The financial fortunes of eurozone members are diverging. The European Central Bank worries about such fragmentation. It reversed its long-held permissive stance on interest rates to a hawkish position last week. Rates are certain to rise next month, as widening sovereign bond spreads forewarn.
Central banks desperately wish to stifle rising inflation, yet avoid the loss of jobs and economic growth that could well follow. Solving that conundrum is complicated for the ECB by a European commitment to prevent financial conditions diverging across the currency bloc.
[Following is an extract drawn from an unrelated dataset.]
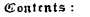 CTontcnts :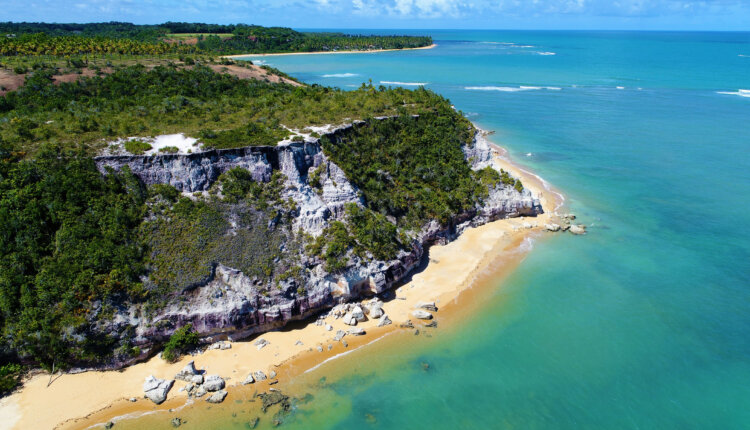 Praia do espelho, Trancoso, Porto Seguro.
Already, spreads (versus German Bunds) in Italy and Spain have soared back to levels last seen during the pandemic — nearly 240 basis points for Italian 10-year bonds — hinting at fragmentation. Bank investors will need to pay close attention. At these heights in the past, the ECB started buying government bonds to help reduce spreads.
This year, European banks have waited hopefully for rate rises and the extra loan income these should generate. However, all is not that simple. In Italy, banks remain vulnerable to the falling values of their holdings of sovereign bonds.
The good news is that these institutions are fitter and leaner today than a decade ago. Non-performing loans as a proportion of the total are in line with other European peers. Profitability and importantly capital buffers — up by half — are both higher than at that time.

That is not to say risks have evaporated. Elevated spreads during the previous sovereign wobbles knocked about half a point from Intesa Sanpaolo’s common equity tier one ratio, notes Andrea Filtri at Mediobanca. Intesa alone holds €46bn of Italian and Spanish sovereign bonds. Meanwhile, the bank still plans to return €3.5bn of capital to shareholders this year. That raises a risk it would not meet its 12 per cent CET1 ratio target.
The upshot is that taming EU-wide inflation and avoiding fragmentation may be irreconcilable aims for the ECB. The former matters more than the latter. A deterioration in the capital position of some Mediterranean banks may therefore be an inevitability investors will simply have to live with.